Reviewer #1 (Public review):

Summary:

This study considers learning with brain-computer interfaces (BCIs) in nonhuman primates, and in particular, the high speed and flexibility with which subjects learn to control these BCIs.

The authors raise the hypothesis that such learning is based on controlling a small number of input or control variables, rather than directly adapting neural connectivity within the network of neurons that drive the BCI. Adapting a small number of input variables would circumvent the issue of credit assignment in high dimensions and allow for quick learning, potentially using cognitive strategies ("re-aiming"). Based on a computational model, the authors show that such a strategy is viable in a number of experimental settings and reproduces previous experimental observations:

(1) Differences in learning with decoders either within or outside of the neural manifold (the space spanned by the dominant modes of neural activity).

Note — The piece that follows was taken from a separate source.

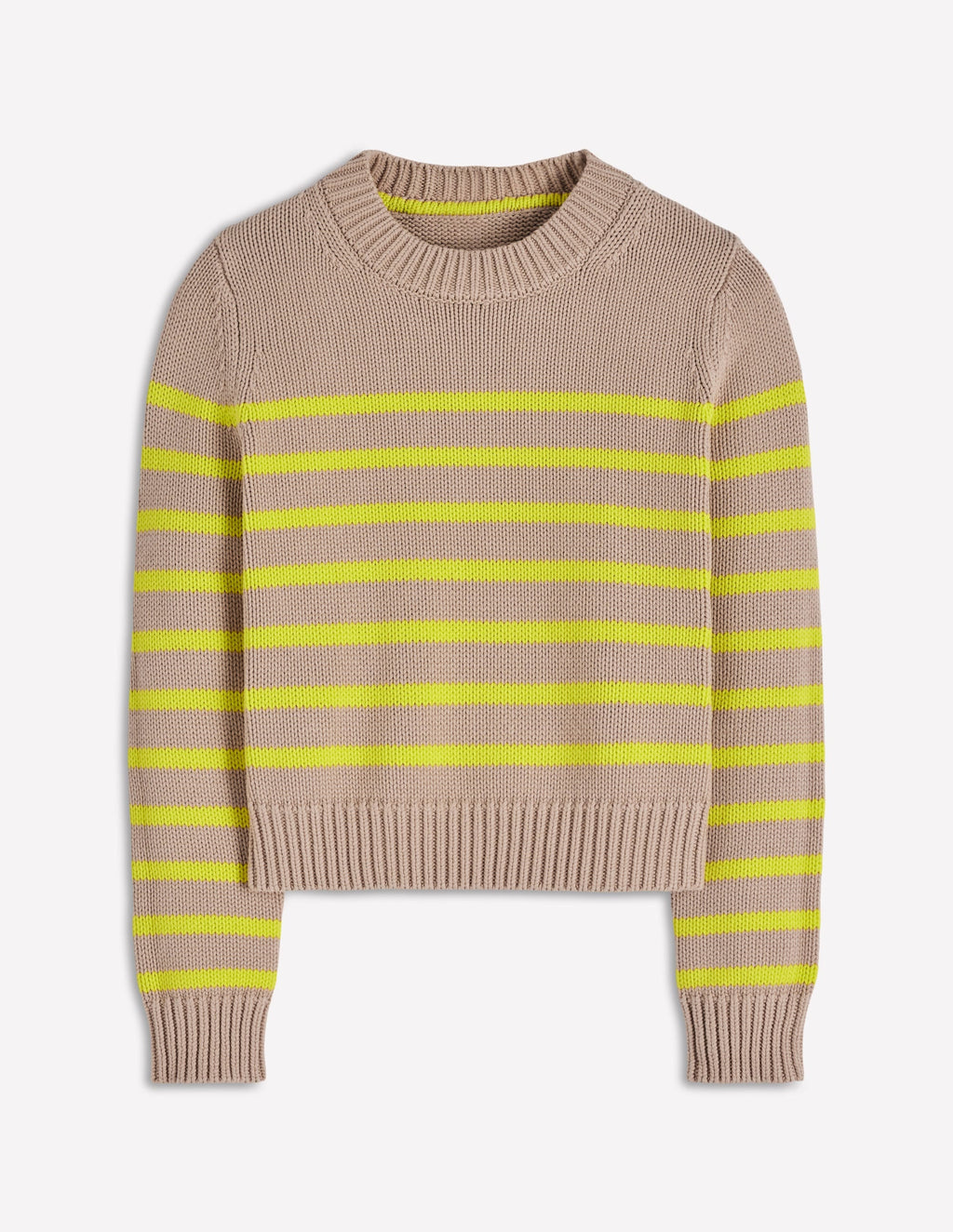 Lucy Chunky Cotton Sweater-Camel Melange, Neon Stripe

(2) A novel, theory-based prediction on biases in BCI learning due to the positivity of neural firing rates, which is then confirmed in data from previous experiments.

(3) An example of "illusory credit assignment": Changes in neurons' tuning curves depending on whether these neurons are affected by changes in the BCI decoder, even though learning only happens on the level of low-dimensional control variables.

(4) A reproduction of results from operant conditioning of individual neurons, in particular, the observation that it is difficult to change the firing rates of neurons strongly correlated before learning in different directions (up vs down).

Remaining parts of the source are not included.